Extracted entries:
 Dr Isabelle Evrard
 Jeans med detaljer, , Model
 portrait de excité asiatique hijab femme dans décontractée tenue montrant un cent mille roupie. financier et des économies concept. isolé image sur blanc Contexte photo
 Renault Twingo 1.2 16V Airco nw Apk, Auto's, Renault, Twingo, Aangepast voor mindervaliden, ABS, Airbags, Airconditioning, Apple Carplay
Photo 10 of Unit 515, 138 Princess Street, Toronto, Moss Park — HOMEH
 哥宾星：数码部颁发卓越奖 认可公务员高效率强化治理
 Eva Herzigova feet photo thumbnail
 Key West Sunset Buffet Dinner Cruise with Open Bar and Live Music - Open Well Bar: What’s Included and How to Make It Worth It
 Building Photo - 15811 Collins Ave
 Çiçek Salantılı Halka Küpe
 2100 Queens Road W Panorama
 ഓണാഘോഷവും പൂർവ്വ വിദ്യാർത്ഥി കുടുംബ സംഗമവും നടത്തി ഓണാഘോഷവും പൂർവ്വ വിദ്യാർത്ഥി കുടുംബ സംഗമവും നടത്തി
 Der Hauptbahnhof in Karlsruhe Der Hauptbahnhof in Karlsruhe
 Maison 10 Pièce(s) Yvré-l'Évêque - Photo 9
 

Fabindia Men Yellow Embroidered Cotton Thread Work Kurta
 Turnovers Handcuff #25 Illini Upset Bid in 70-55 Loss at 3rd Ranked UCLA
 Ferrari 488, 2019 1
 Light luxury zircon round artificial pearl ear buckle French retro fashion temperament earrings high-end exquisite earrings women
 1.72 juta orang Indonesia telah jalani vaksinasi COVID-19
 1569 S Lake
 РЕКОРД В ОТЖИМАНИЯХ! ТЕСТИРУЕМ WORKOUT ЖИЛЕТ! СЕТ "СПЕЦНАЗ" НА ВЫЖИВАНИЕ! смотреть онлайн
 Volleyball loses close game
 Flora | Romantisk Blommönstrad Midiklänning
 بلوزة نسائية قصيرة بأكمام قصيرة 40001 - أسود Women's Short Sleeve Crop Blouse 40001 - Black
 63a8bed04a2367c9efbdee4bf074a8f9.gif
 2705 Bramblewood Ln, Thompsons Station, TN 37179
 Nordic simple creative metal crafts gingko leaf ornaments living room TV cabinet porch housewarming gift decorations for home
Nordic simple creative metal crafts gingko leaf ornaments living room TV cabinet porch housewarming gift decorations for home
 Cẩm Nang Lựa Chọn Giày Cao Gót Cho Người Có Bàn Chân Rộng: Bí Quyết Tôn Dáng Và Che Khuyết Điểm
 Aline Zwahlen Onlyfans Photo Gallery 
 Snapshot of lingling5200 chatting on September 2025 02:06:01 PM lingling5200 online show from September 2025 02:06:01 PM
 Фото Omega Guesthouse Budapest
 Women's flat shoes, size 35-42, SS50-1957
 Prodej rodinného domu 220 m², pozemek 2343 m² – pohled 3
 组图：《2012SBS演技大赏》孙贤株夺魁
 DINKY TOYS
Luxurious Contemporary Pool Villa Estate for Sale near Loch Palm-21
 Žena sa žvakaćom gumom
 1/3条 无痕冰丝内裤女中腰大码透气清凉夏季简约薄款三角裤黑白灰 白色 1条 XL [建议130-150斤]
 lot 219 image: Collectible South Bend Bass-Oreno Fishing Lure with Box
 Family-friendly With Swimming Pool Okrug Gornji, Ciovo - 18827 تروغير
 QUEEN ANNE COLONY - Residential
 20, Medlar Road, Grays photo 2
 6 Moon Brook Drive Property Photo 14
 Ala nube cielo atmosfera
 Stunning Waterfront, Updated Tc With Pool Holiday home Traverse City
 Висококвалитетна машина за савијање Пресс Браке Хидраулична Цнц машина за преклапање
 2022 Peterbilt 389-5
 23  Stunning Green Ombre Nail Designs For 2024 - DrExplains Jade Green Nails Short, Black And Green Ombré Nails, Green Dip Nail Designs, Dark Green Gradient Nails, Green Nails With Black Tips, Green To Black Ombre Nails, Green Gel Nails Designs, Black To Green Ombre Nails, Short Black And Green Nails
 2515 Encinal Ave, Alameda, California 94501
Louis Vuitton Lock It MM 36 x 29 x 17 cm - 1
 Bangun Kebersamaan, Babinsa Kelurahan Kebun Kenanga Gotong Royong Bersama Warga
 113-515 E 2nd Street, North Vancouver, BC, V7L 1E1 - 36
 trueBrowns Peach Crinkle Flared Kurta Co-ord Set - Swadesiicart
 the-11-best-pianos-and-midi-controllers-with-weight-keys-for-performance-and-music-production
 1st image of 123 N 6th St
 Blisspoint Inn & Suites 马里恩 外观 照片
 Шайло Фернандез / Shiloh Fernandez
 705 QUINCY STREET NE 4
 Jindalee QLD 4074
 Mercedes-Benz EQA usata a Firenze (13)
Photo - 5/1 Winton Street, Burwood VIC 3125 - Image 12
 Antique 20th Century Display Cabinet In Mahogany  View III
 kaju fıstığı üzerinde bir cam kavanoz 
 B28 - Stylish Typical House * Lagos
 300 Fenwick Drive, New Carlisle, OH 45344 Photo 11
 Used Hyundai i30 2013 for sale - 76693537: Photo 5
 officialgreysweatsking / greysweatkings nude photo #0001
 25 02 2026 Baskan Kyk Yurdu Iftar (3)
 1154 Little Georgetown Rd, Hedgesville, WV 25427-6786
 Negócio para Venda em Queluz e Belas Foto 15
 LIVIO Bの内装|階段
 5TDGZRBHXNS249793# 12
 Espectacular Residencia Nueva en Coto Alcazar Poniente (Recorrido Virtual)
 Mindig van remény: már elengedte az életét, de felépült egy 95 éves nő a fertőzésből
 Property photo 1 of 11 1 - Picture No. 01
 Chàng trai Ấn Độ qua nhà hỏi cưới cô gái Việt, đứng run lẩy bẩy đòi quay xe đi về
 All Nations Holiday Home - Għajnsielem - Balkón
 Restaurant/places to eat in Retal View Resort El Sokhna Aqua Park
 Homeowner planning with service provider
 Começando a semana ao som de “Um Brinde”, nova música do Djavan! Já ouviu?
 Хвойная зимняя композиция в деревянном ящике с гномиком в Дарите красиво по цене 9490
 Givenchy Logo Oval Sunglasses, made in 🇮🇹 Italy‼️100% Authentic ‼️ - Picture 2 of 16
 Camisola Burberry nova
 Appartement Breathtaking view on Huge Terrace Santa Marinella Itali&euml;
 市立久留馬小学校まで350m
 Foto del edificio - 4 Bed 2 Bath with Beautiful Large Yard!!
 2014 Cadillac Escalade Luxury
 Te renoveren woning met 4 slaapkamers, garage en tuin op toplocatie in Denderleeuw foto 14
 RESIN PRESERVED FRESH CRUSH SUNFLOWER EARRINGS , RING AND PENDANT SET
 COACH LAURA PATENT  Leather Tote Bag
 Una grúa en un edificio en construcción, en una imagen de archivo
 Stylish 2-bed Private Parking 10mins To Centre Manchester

Instructions to follow: Show every line of the material that includes the string "Short".

Solution for this exercise:
 بلوزة نسائية قصيرة بأكمام قصيرة 40001 - أسود Women's Short Sleeve Crop Blouse 40001 - Black
 23  Stunning Green Ombre Nail Designs For 2024 - DrExplains Jade Green Nails Short, Black And Green Ombré Nails, Green Dip Nail Designs, Dark Green Gradient Nails, Green Nails With Black Tips, Green To Black Ombre Nails, Green Gel Nails Designs, Black To Green Ombre Nails, Short Black And Green Nails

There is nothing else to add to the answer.